The dipole moment of a circular loop carrying a current $I$ , is $m$ and the magnetic field at the centre of the loop is ${B_1}$. When the dipole moment is doubled by keeping the current constant, the magnetic field at the centre of the loop is ${B_2}$. The ratio $\dfrac{{{B_1}}}{{{B_2}}}$ is:
(A) $\sqrt 2 $
(B) $\dfrac{1}{{\sqrt 2 }}$
(C) $2$
(D) $\sqrt 3 $

Answer 1

Hint: To solve this question, we have to find the radius when the dipole moment is doubled keeping the current constant. After finding the radius we can use the new radius in the formulae of magnetic field around a current carrying loop and then we can find the ratio of the magnetic field at the centre of the loop with initial radius to that of the new radius.

Formula Used:
Magnitude of a Dipole moment of a circular loop is given as,
$m = IA$
Where $m$is the dipole moment, $I$ is the current in that loop and $A$ is the given area.
Magnetic field for a current carrying loop is given as,
$B = \dfrac{{{\mu _0}I}}{{2\pi R}}$
Where ${\mu _0}$ is the permeability in free space, $I$ is the current in that loop, $R$ is the radius of the loop and $B$is the magnetic field of the loop at the centre.

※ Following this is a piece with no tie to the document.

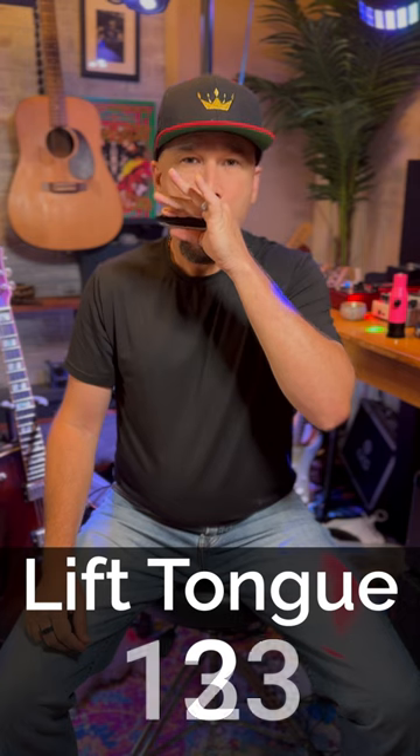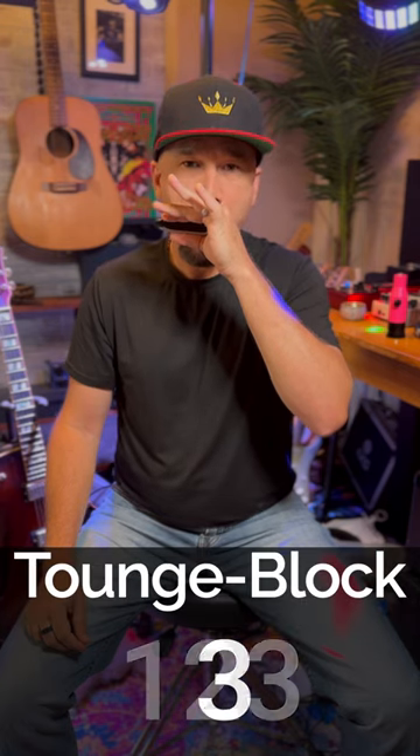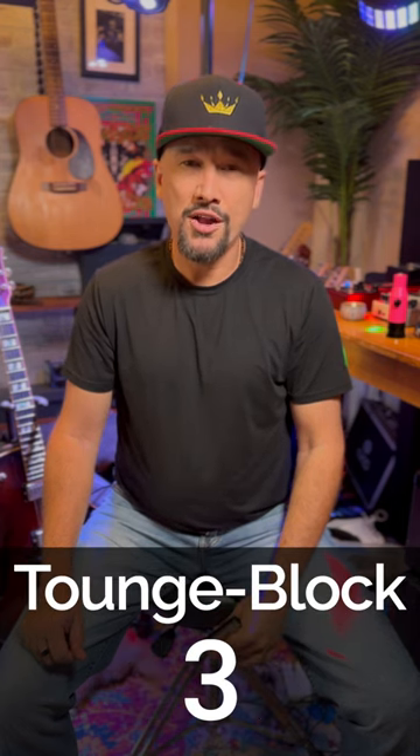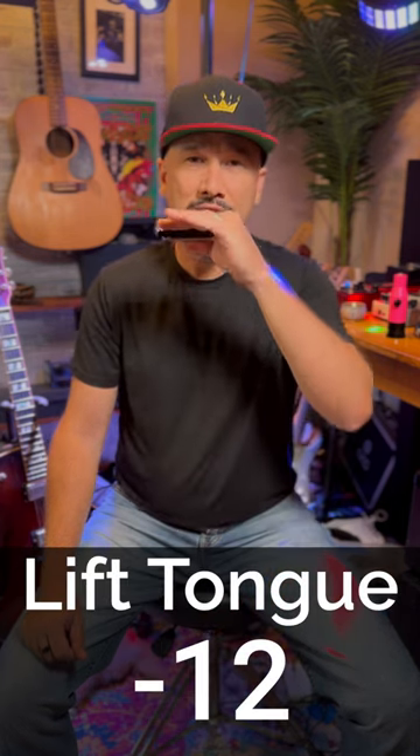So from here, once you can do that, what we want to do is play hole three, blow, and then draw on holes one and two, taking the tongue off like this.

Complete step by step answer:
In the question the magnitude of magnetic dipole moment of the loop is given as $m$.
But dipole moment is given as,
$m = IA$
Here $A = \pi {R^2}$
$ \Rightarrow m = I\pi {R^2}$
$ \Rightarrow R = \sqrt {\dfrac{m}{{I\pi }}} $
Let the new dipole moment be ${m_r}$. It’s given that the new dipole is twice the dipole at $R$ and the current is the same.
$ \Rightarrow {m_r} = {I_r}\pi R_r^2$
$ \Rightarrow 2{m_{}} = I\pi R_r^2$
$ \Rightarrow {R_r} = \sqrt {\dfrac{{2m}}{{I\pi }}} = \sqrt 2 \times R$
So the radius for the new dipole will be $\sqrt 2 R$.
We already know the formulae for magnetic field for a current carrying loop i.e.
$B = \dfrac{{{\mu _0}I}}{{2\pi R}}$
Where ${\mu _0}$ is the permeability in free space, $I$ is the current in that loop, $R$ is the radius of the loop and $B$ is the magnetic field of the loop at the centre.
$ \Rightarrow $ $B$ is inversely proportional to $R$
So $\dfrac{{{B_1}}}{{{B_2}}} = \dfrac{{{R_2}}}{{{R_1}}}$
$ \Rightarrow \dfrac{{{B_1}}}{{{B_2}}} = \dfrac{{\sqrt 2 {R_1}}}{{{R_1}}} = \sqrt 2 $

Hence, the correct option is (A).

Note: In a current carrying loop, whenever the current is kept constant and the distance is varied, the magnetic field changes. It increases with decrease in the radius and decreases with increase in radius. This implies that the magnetic field is maximum at the centre and keeps on decreasing as the distance is increased.